Next, how do we match the scale of the terror attack? The only way to do it was to seamlessly integrate reconstructions with the archival footage. The treatment had to be edgy, hand-held & candid. As in-obtrusive as possible! Capture the action, the way you see it, as if you were in there. But this shooting style was risky – it could either look very amateurish and untidy, or very real and gritty!

I remember the night we were filming the Kasab capture scene – the cops who were involved in the original encounter on 26/11 were on duty that night at Chowpatty. We were trying to shoot a ‘nakabandi’ in action with our fake cop-actors. Suddenly, a few of the real policemen on-duty came up to us and volunteered to direct the action to ensure authenticity. The scene turned out to be so realistic, that a local news channels rushed to film us for some ‘breaking news’.

Fake Cops who capture the fake Kasab at the real location
Realistic reconstructions meant hard work for our fiction team in Mumbai who painstakingly matched every aspect of production with the original – from costumes to props and casting. It was all about details – for instance, the terrorists trousers had to be just above the ankle, the Police Control Room in the film is identical to the real Mumbai Police Control Room including the software applications on their desktops, Leopold Café’s trademark Beer Towers were specially made for our shoot.

For me, ‘Kasab’ was a good accidental find. We spotted him while on a reconnaissance of the Leopold Café, where he works as waiter. Incidentally, he was at the Café on the night of the shootout and had seen the terrorists in action.
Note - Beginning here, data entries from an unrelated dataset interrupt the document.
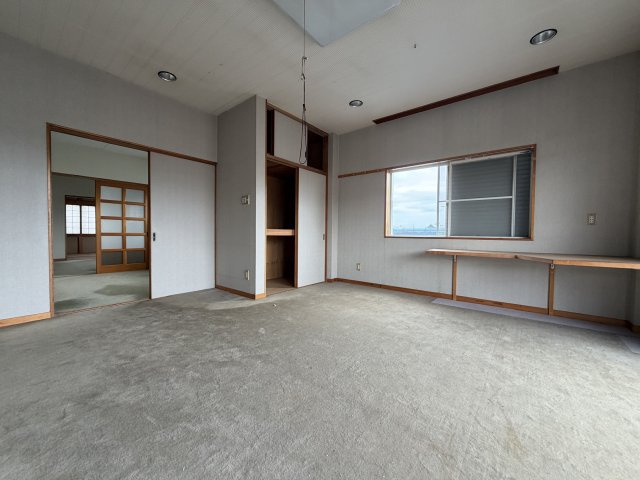 収納とカウンターテーブルを設置しています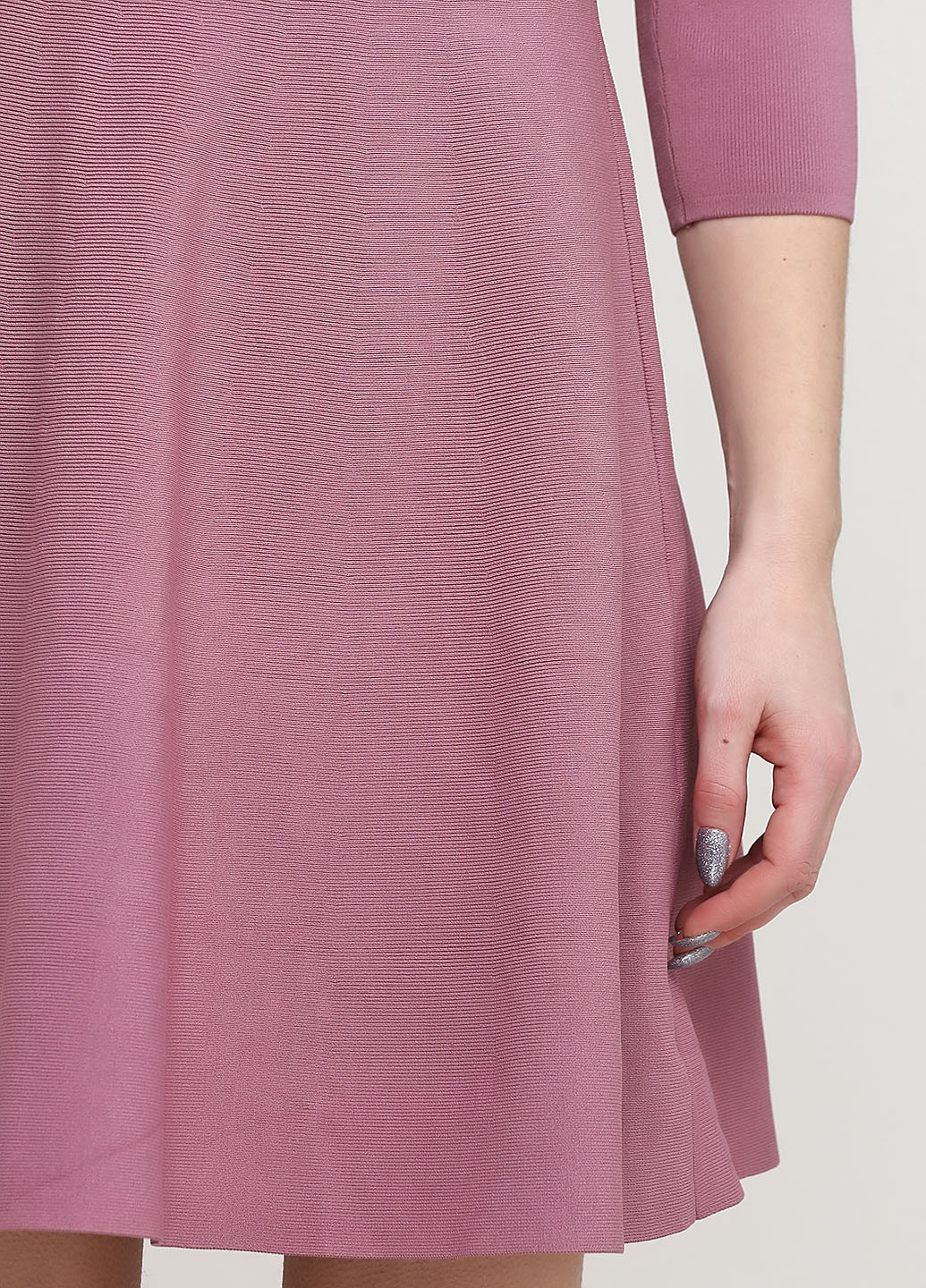 Темно-розовое кэжуал платье клеш Vero Moda однотонное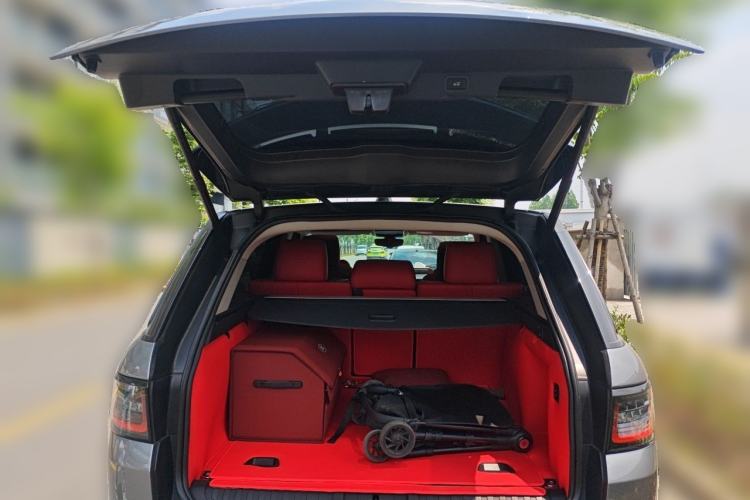 Used Land Rover Range Sport 2021 3.0 L6 YAO Black Edition Trunk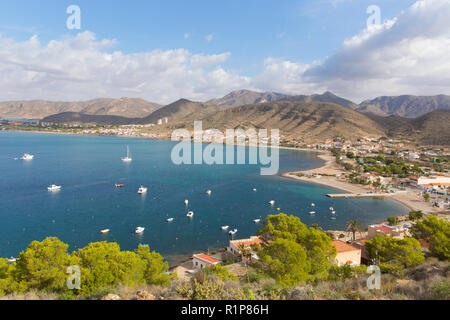 La Azohia Murcia, Spanien ein Dorf in der Nähe von La Isla Plana und zwischen Puerto de Mazarron und Cartagena erhöhte Ansicht entfernt Stockfoto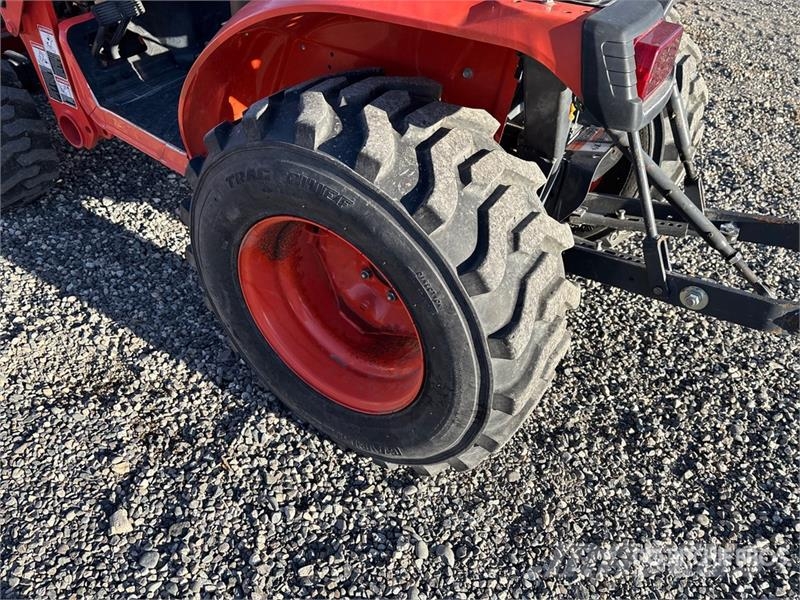 Kubota B2601HSD Manji traktori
He agreed to play Kasab. We also had a very interesting supernatural experience while visiting Nariman House in the middle of the night, but that’s for another blog.

I discovered that Mumbai’s stunt masters are a breed apart. They speak a different language – where every line is invariably a combination of sound effects. ‘dishkao, dishkao… auryehgolilagi… dhoom, dham, yehgira… phachak, woh glass toota… you get the picture’! I was amused by the costing - you are charged by the number of bullets you shoot. Or the bullet wounds you need. Or the number of glass vases you crack. Or the windshields you break! They liked scale. They liked style. They always wanted their stunt boys to 'die' in Bollywood style. It was quite a task to get them to tone down for some modest, realistic action.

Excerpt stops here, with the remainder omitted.